## Data to process
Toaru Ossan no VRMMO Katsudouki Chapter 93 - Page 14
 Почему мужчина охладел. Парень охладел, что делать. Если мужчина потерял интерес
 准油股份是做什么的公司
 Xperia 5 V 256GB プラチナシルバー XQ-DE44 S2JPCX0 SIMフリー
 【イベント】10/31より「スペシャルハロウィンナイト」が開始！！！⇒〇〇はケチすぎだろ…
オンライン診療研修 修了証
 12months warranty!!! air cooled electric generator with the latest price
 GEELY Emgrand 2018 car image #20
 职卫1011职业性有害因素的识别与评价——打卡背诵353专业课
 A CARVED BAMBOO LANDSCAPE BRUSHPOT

## What to work on
Write out exactly the lines from the one with "职卫1011职业性有害因素的识别与评价——打卡背诵353专业课" through the end of the records above, both ends included, and leave out all other lines.

## Solution
 职卫1011职业性有害因素的识别与评价——打卡背诵353专业课
 A CARVED BAMBOO LANDSCAPE BRUSHPOT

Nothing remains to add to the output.